**DATA BLOCK**
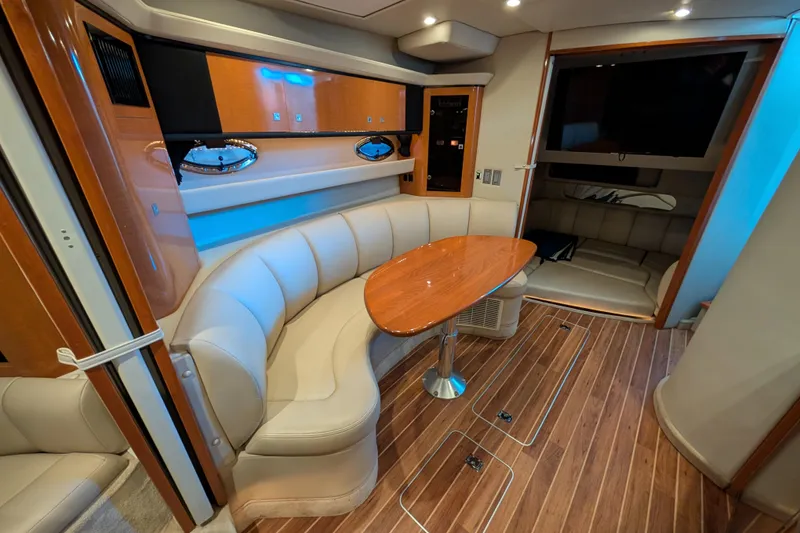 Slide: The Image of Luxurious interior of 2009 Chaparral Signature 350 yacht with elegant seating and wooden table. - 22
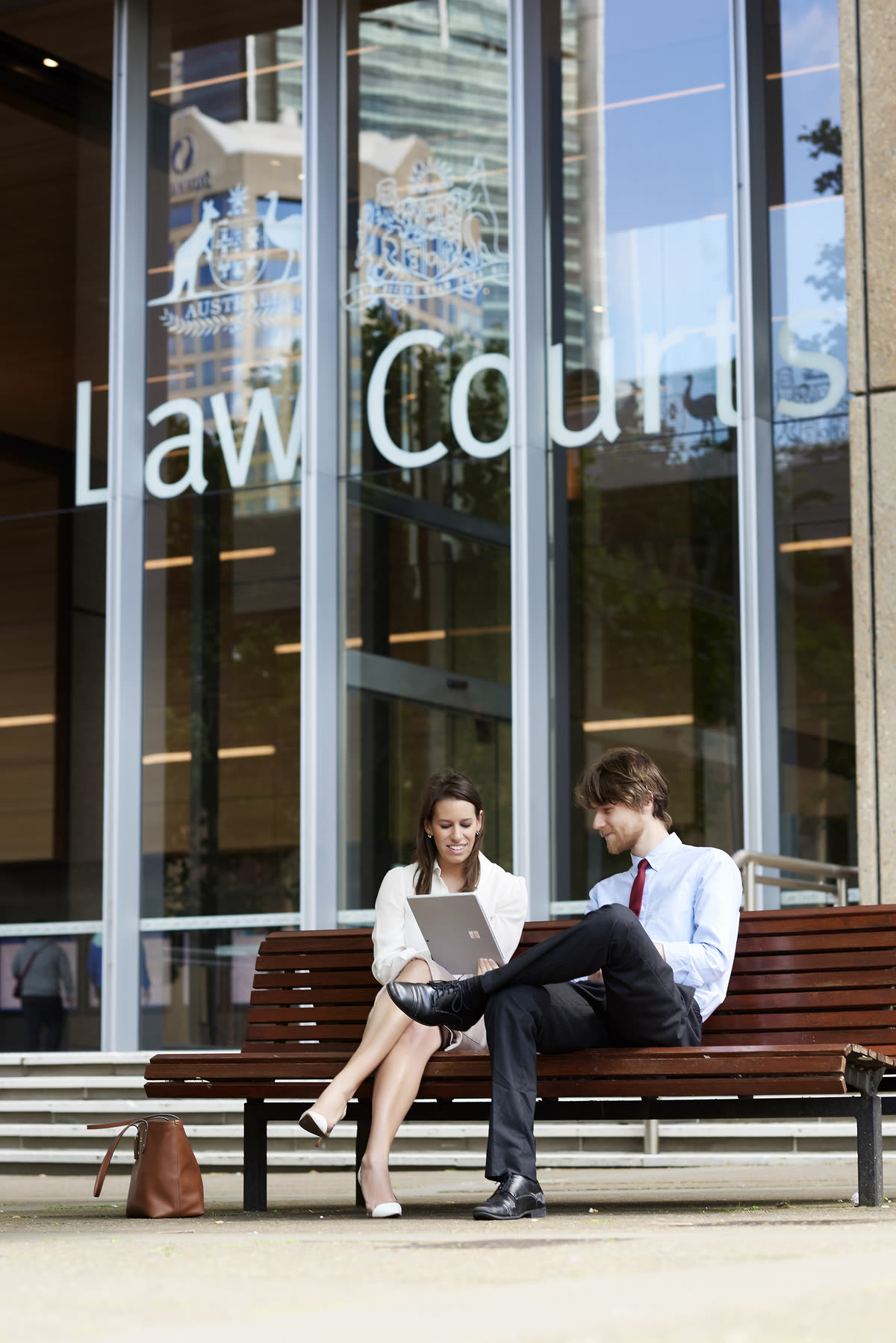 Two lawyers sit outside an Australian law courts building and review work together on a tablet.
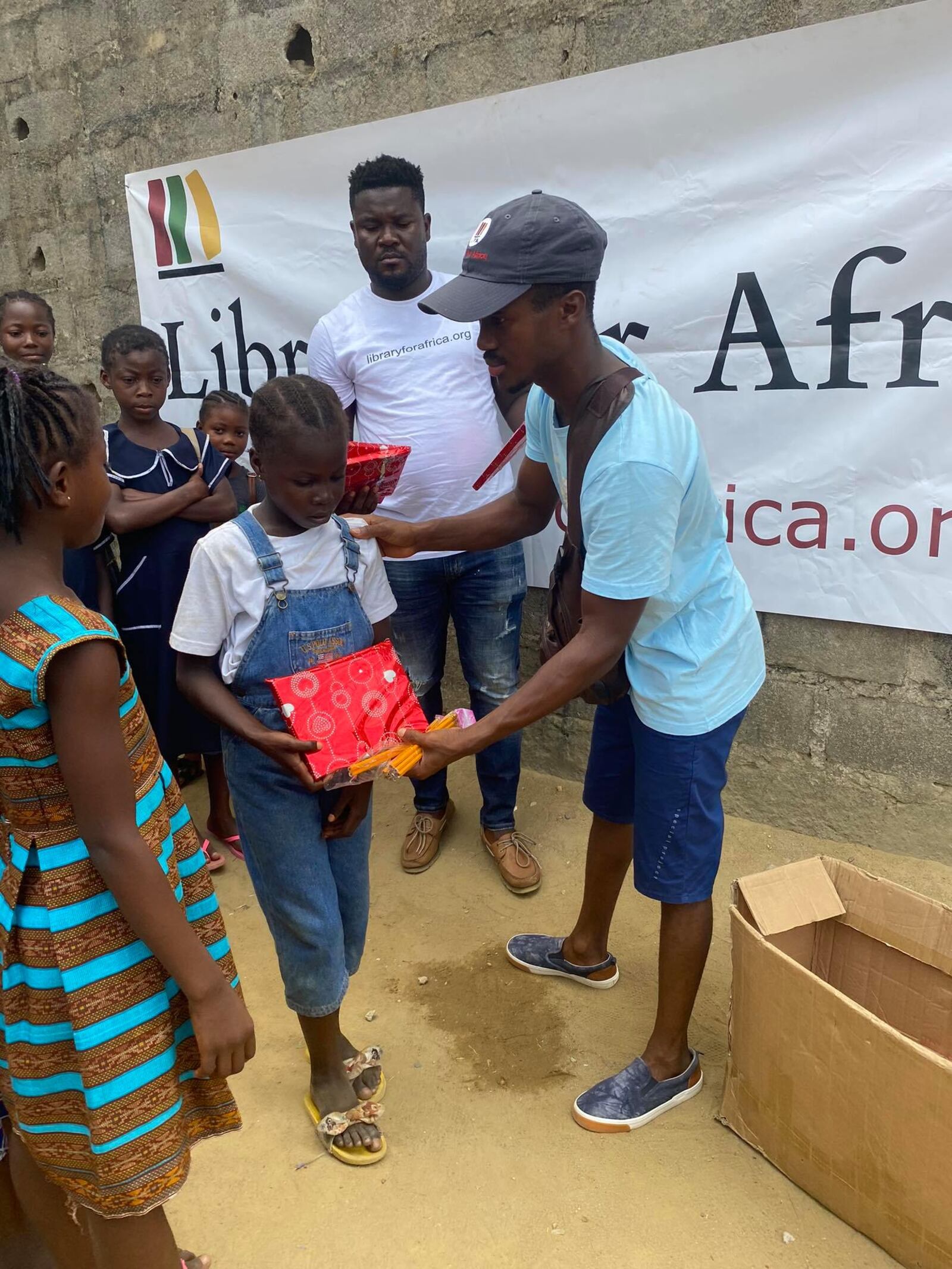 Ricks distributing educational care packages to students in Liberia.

**YOUR OBJECTIVE**
Go to the line containing "Two lawyers sit", then write out word for word every line from there to the end of the listing. Keep both end lines and drop the pictures.

**ANSWER FOR THIS EXERCISE**
 Two lawyers sit outside an Australian law courts building and review work together on a tablet.
 Ricks distributing educational care packages to students in Liberia.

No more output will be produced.